The question is not about the framework itself but the paradigm. I'm trying to understand the use cases of reactive.
I appreciate any help. Thanks.
First of all, your RxJava version is much more complex than it needs to be. Here's a much simpler version:
public Observable<T> getData(int id) {
return Observable.fromCallable(() ->
dataAlreadyLoaded() ? getDataFromMemory(id) : getDataFromRemoteService(id)
);
}
Regardless, the problem you present is so trivial that there is no discernible difference between the two solutions. It's like asking which one is better for assigning integer values - var = var + 1 or var++. In this particular case they are identical, but when using assignment there are many more possibilities (adding values other than one, subtracting, multiplying, dividing, taking into account other variables, etc).
So what is it you can do with reactive? I like the summary on reactivex's website:
Easily create event streams or data streams. For a single piece of data this isn't so important, but when you have a stream of data the paradigm makes a lot more sense.
Compose and transform streams with query-like operators. In your above example there are no operators and a single stream. Operators let you transform data in handy ways, and combining multiple callbacks is much harder than combining multiple Observables.
Subscribe to any observable stream to perform side effects. You're only listening to a single event. Reactive is well-suited for listening to multiple events. It's also great for things like error handling - you can create a long sequence of events, but any errors are forwarded to the eventual subscriber.
Let's look at a more concrete with an example that has more intrigue: validating an email and password. You've got two text fields and a button. You want the button to become enabled once there is a email (let's say .*#.*) and password (of at least 8 characters) entered.

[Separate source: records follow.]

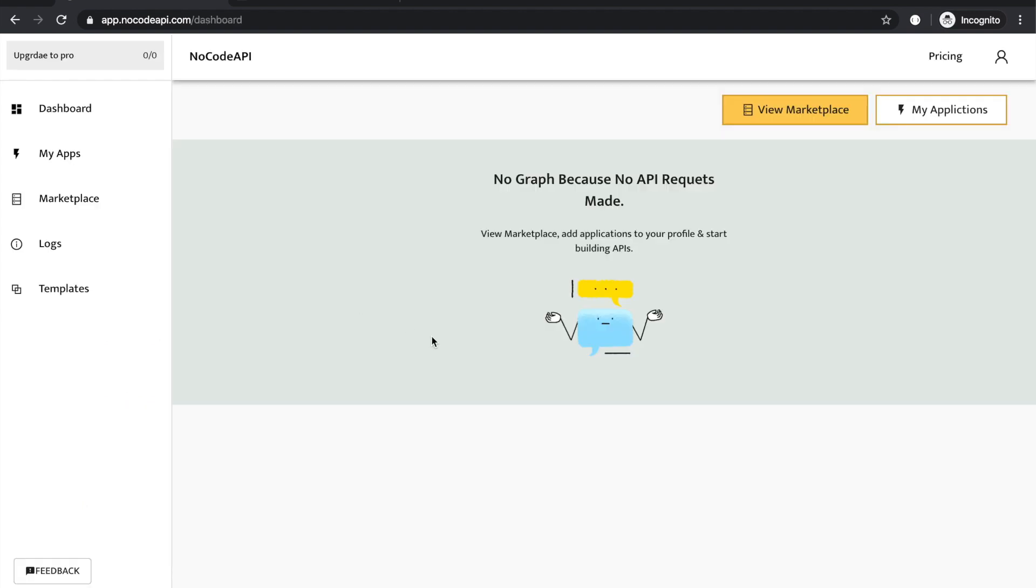We are logged in and there is no API application active and there is no dashboard chart. To set up Airtable API, you have to activate the Airtable application into your account.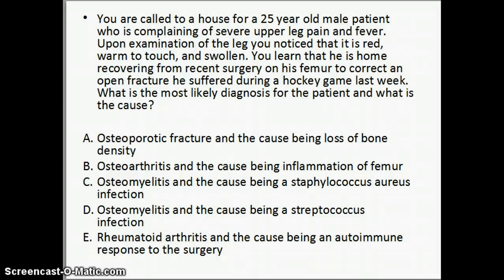For this question, you were called to a house for a 25-year-old male patient who is complaining of severe upper leg pain and fever. Upon examination of the leg, you notice that it is red, warm to touch, and swollen. You learn that he is home recovering from recent surgery in which his femur was corrected for an open fracture he suffered during a hockey game last week. What is the most likely diagnosis, and what would be the most likely cause?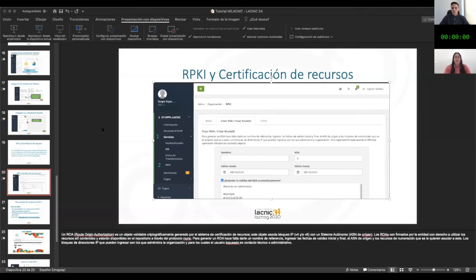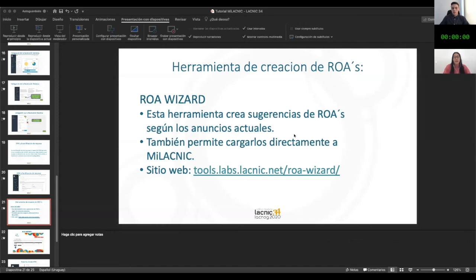Jorge Gonzalez asks: if I'm a private company, should I request an IPv6 block from my ISP or directly from LACNIC? This depends on the needs of the organization. The blocks assigned by your ISP can only be used for the duration of your contract with them. If you have the block from LACNIC, it belongs to your organization, and if you change your ISP you don't have to change anything — that is the advantage. You have to weigh whether to request it from the ISP or from LACNIC.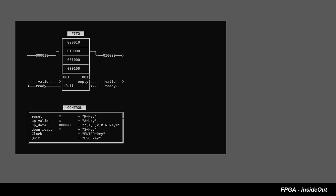Hello and welcome to FPGA InsideOut session 2. In this session we will talk about FIFO.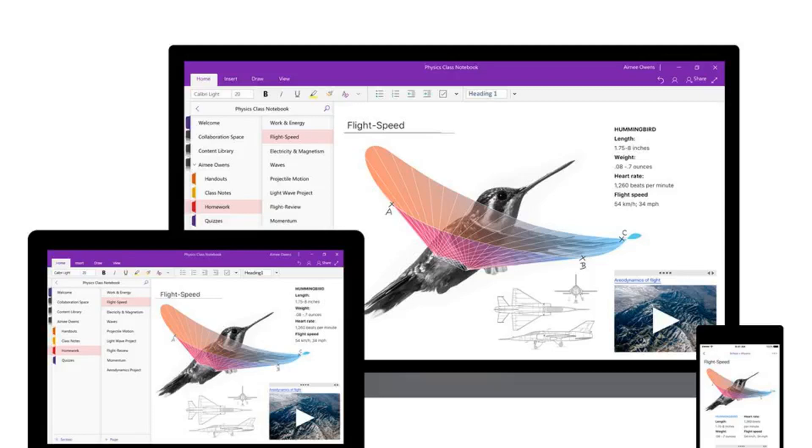Microsoft brings OneNote 2016 desktop app back to life with new dark mode. Microsoft has changed its mind on killing off the OneNote 2016 desktop app.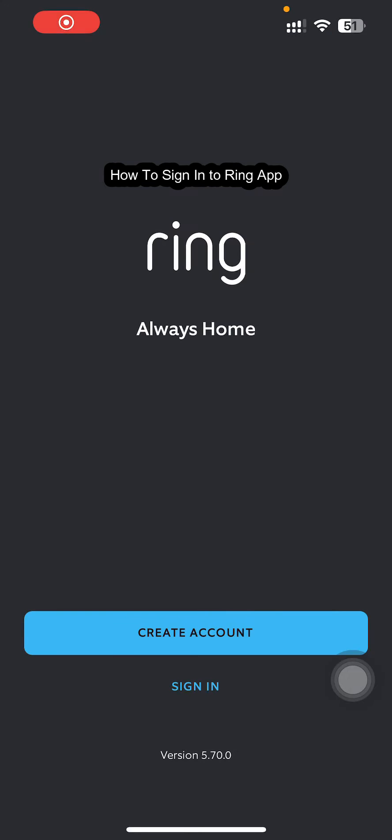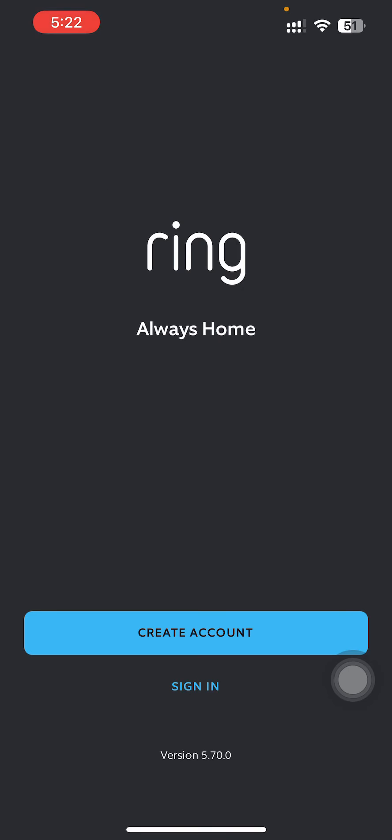Hey guys, back to our channel How to Guide. Today in this video I'm going to show you how you can sign in to Ring app. So let's just get started. Just go to your Ring app.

I've got two Observables that represent whatever the user has currently entered into the text fields:
Observable<String> email = /* you figure this out */;
Observable<String> password = /* and this, too */;
For validating each input, I can map the input String to true or false.
Observable<Boolean> validEmail = email.map(str -> str.matches(".*#.*"));
Observable<Boolean> validPw = password.map(str -> str.length() >= 8);
Then I can combine them to determine if I should enable the button or not:
Observable.combineLatest(validEmail, validPw, (b1, b2) -> b1 && b2)
.subscribe(enableButton -> /* enable button based on bool */);
Now, every time the user types something new into either text field, the button's state gets updated. I've setup the logic so that the button just reacts to the state of the text fields.
This simple example doesn't show it all, but it shows how things get a lot more interesting after you get past a simple subscription. Obviously, you can do this without the reactive paradigm, but it's simpler with reactive operators.